FIG. 3D and FIG. 3E show the wafer 1 on which a plasma processing step is performed on the front surface 21. In the present example, by irradiating the front surface 21 of the wafer 1 with an O₂radical, the outer peripheral region 6 where the heavy ion has been implanted is selectively plasma-oxidized, and the oxide film 8 grows, as shown in FIG. 3D. The thickness of the oxide film 8 of the present example is 8 nm or more and 50 nm or less.

On the other hand, by irradiating the front surface 21 of the wafer 1 with the O₂radical, the resist 9 is ashed (ashing-processed) and annihilated in the center region 2, as shown in FIG. 3E. That is, the step of forming the oxide film 8 by the plasma processing of the present example serves as ashing of the resist 9.

An upper surface of the first electrode layer 3 exposed by removing the resist 9 may be descumming-processed by the irradiation with the plasma. It should be noted that the descumming processing refers to processing for removing a residue such as carbon before a plating growth step which will be described below. That is, the step of forming the oxide film 8 by the plasma processing of the present example may further serve as the descumming processing of the first electrode layer 3.

FIG. 3F shows the wafer 1 that has undergone a step of attaching a protective tape 90 to the back surface 23 of the wafer 1. The protective tape 90 protects the collector electrode 24, which is provided on the back surface 23 of the wafer 1, from a plating solution in the plating growth step which will be described below. In an example, the protective tape 90 has a structure in which a base material 91 and an adhesive 92 are stacked.

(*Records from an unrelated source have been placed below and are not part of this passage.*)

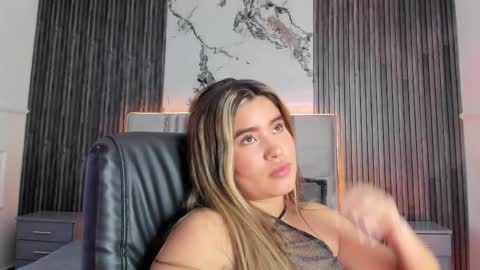 Gigi Doll online show from January 2025 05:59:02 PM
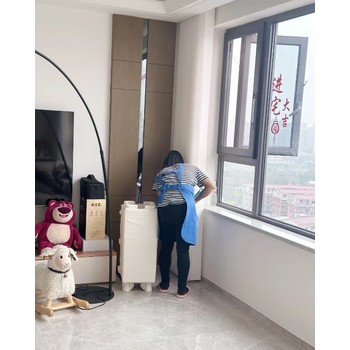香港打工家政服務業包吃包住合法工簽長期合同年底十三薪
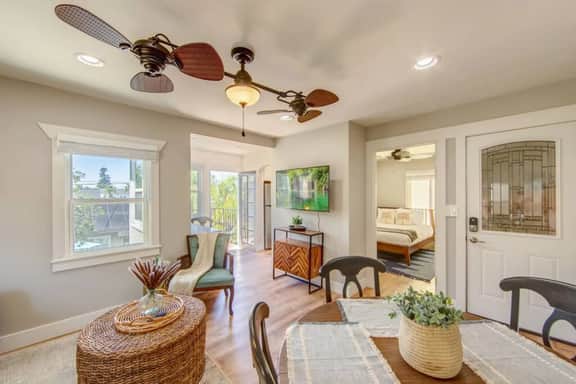 Coronado Unit 4 - B Ave Bungalows · Loft-style 1/1, 5-10 Min Walk to Coronado Beach!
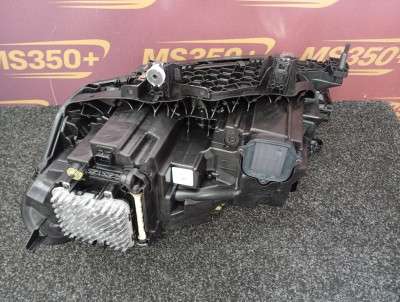 Б/у Фара передня права BMW X5M F95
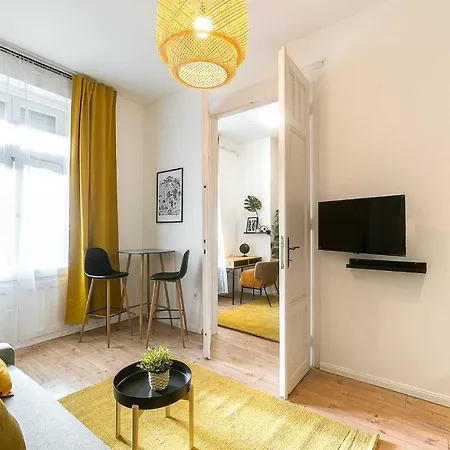 A13- Boutique Apartments, Location, By Bqa דירה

A diameter of the protective tape 90 is larger than a diameter of the wafer 1. The protective tape 90 may cover the entire surface of the back surface 23 of the wafer 1. In the present example, in a state where the outer peripheral region 6 of the front surface 21 is exposed without being covered with the protective tape 90, the subsequent plating growth step is performed on the outer peripheral region 6.

FIG. 3G to FIG. 3H show the wafer 1 on which the plating growth step is performed. The wafer 1 in which the protective tape 90 is attached to the back surface 23 is immersed in a plating solution 95. It should be noted that in the actual plating growth step, the wafer 1 is immersed in a plurality of plating tanks for pre-processing and post-processing; however, only one plating tank is shown for simplification in FIG. 3G to FIG. 3H.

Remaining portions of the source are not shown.